CS13 Gallery’s exhibition, “Land Before Skype” is a more metaphorical take on Paik’s often-participatory, performance-based, technology-driven artwork.  There is a Pop Art-like sensibility in the ten participating artists’ work, because they craft imagery out of the banal.  Google image searches, YouTube videos, and social networking/microblogging systems are what these artists mine for meaning.

For instance, at CS13, Steve Kemple’s Dial the Ocean employed a prepay phone and a set of instructions to listen (and potentially contribute,) to others’ recordings of the sound of an ocean, thus evoking Paik’s participatory works of art like Magnet TV (1965) in which viewers were encouraged to interact with the magnet above a television set, to manipulate the abstract resulting image. Certainly Paik didn’t have a copyright on the concept, but Kemple took his idea of audience participation outside of the gallery by also hanging posters around the neighborhood, urging passersby to do likewise.

Artist Chris Collins’ piece, typepilot.com, documents his preoccupation with a trans-Pacific love affair between two people he discovered [“stumbledupon”?] on the Internet.  Piecing together artifacts of their relationship, Collins becomes a kind of IT archeologist, unearthing pyramid schemes and YouTube videos with intimate details about the couple’s life from mere anonymous online jpeg’s posted in Craigslist “WORK FROM HOME” online ads.

Apropos of CS13’s stated intent, the participating artists in “Land Before Skype” investigate how the Internet effects interpersonal communication. Thus, their work was less specifically Paik-derived, and more generally technology-driven than MG/GM’s Exhibition.  For example, photographer William Boling’s ongoing web project “Marco Polo” invites participants to post image or text, to which the artist replies, creating a “stream-of-consciousness photo album that is constantly mutating according to the whims of both the artist and the audience.” Named for the eponymous children’s call and response game, gallery goers do not actually see more than a computer at a table, (upon which lay about a dozen scattered hard copy images from past participants,) but are provided the opportunity to contribute and/or view online contributions of other participants.

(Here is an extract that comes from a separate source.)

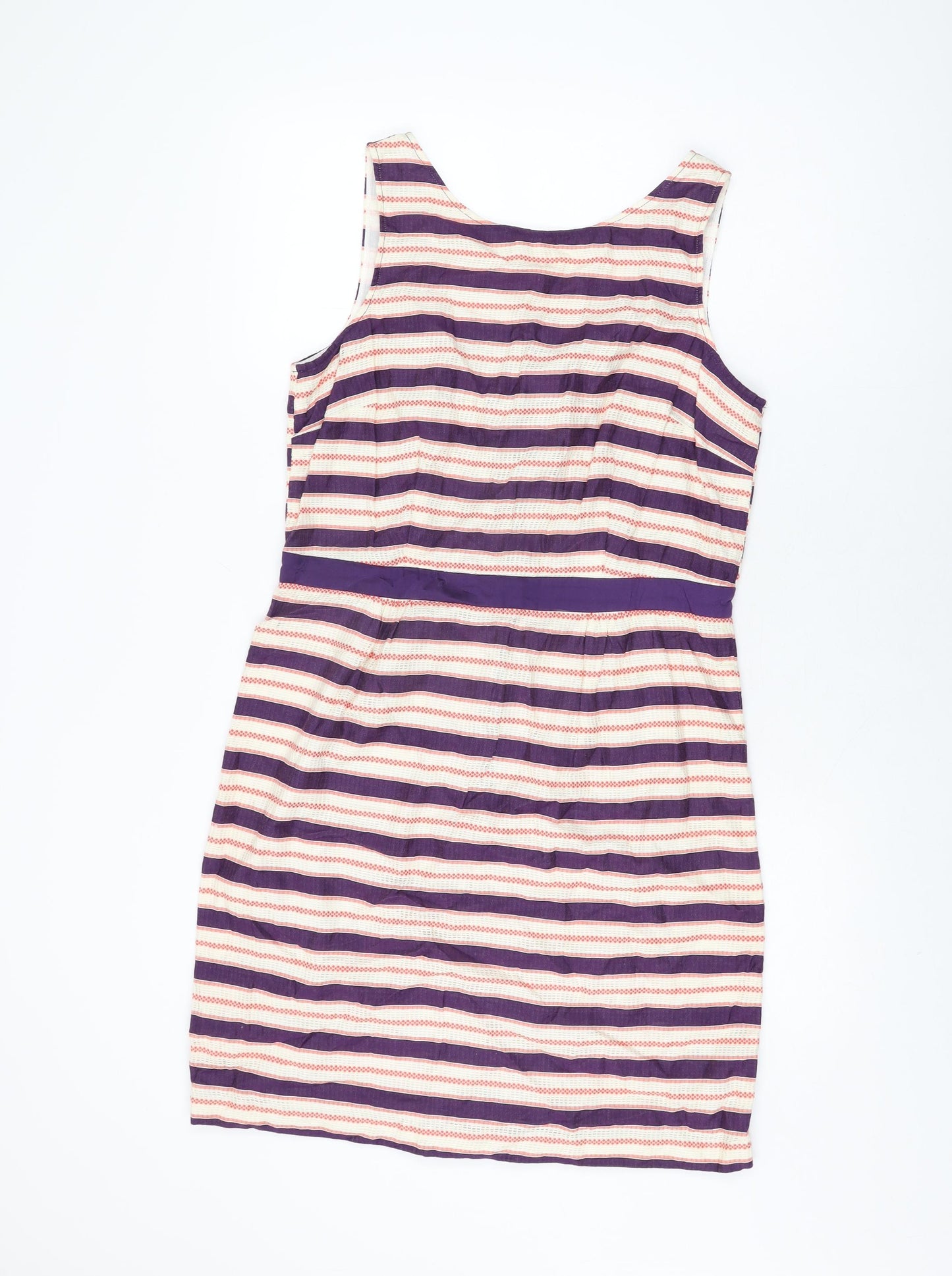 Boden Womens Purple Striped Cotton Bodycon Size 14 Round Neck Zip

The work of art then, for Boling as well as Paik, is ephemeral: it is not that specific computer on which the visual matter (collaborative or not) exists, but it is a wholly democratic experience—a collapse of creation and reception.

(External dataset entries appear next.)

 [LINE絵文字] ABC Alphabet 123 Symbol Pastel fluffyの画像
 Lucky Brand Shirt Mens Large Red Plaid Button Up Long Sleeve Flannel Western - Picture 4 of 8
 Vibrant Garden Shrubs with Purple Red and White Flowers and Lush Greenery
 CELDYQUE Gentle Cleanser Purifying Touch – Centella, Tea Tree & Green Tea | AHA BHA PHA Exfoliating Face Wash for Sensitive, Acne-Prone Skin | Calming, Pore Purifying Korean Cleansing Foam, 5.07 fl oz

This leads me to contemplate one of the many provocative questions Chrissie Iles presented to the audience in her symposium presentation on “Curatorial Issues” related to the conservation of Paik’s work and other time-based media.  She invited attendees to ponder where the meaning of a work lies: in its concept or its medium. While you could make a case for both, the implication of what’s at stake raises important critical issues.

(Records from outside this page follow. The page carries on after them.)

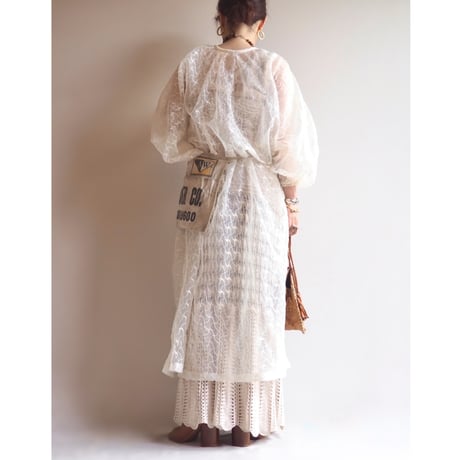 vintage abstract sheer design dress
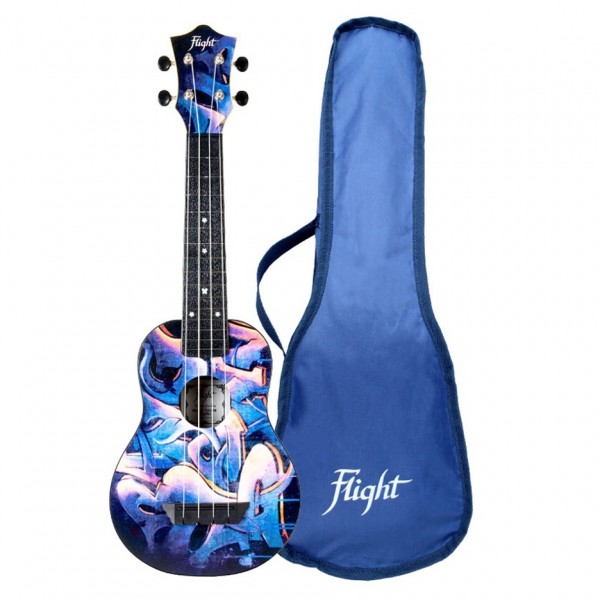 Flight TUS-40 Travel Soprano Ukulele, Graffiti gigbag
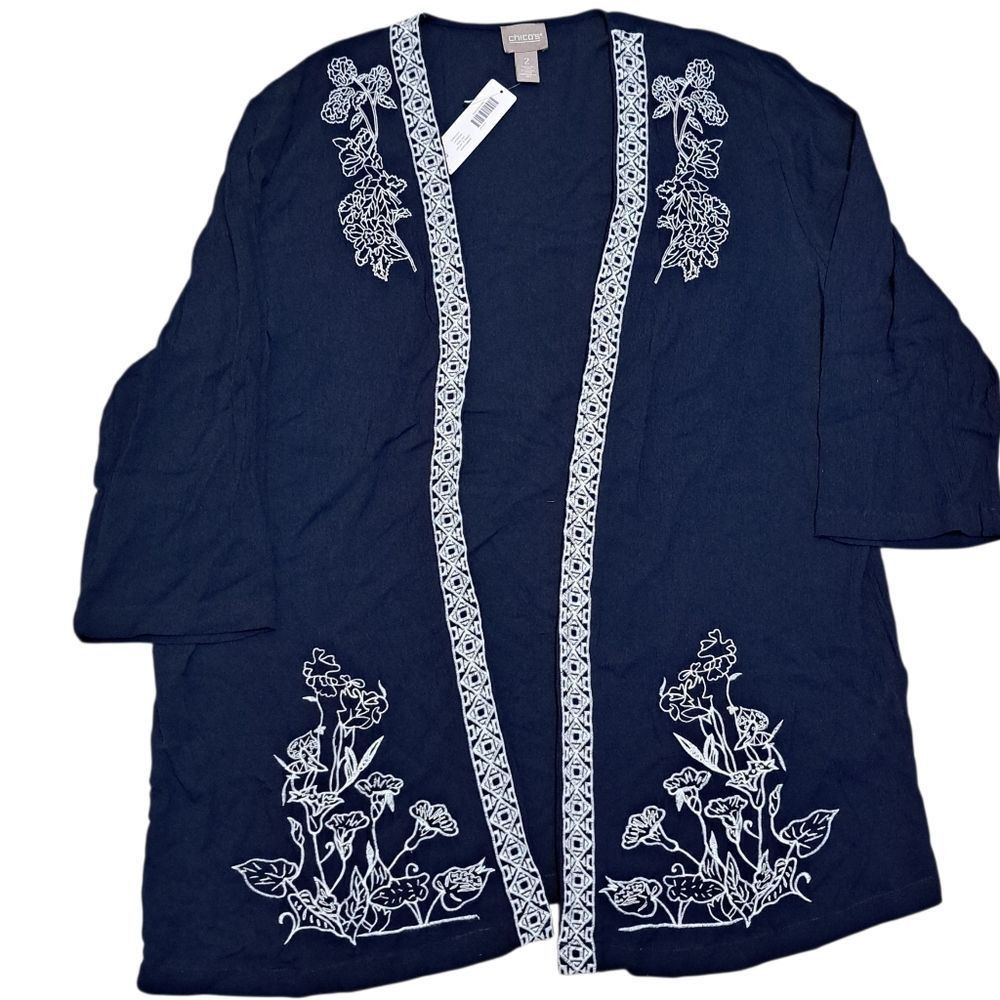 Chicos Chico's Floral Embroidery Pattern Crinkle Open Front Cardi J Size L / US 10 / IT 46 - 3 Thumbnail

So how does one ensure that the Paik-like language remains intact?  If we are to believe the examples seen by Paik inheritors at MG/GM and CS13, it is financially accessible, terminal (based in perpetually outmoded technology), and collaborative. And herein lies “the rub”:  just as many of Paik’s early Fluxus “compositions” from the 1960s were never written down and improvised on the spot—there is little to no documentation delineating his specific contribution to much of his video art, or that of one of his many collaborators. How does one preserve this “meaning” then, if it is communal and mutable?

The use of artistic media that is dependent upon any mass-produced corporate-based electronic equipment, inherently has a “life,” and by implication an eventual demise.  According to Solway, Paik made arrangements before his death for the continued long-term maintenance of his work—at least the 438 Paik artworks fabricated with the help of longtime Paik collaborator/enabler, master Printmaker, gallerist Mark Patsfall in Cincinnati. Although each constituency at the Symposium had differing spins on the subject, what was clear is that cooperation and collaboration on a Paik-like scale might be the only thing that might save the slow if inevitable deterioration of time-based media in contemporary art collections.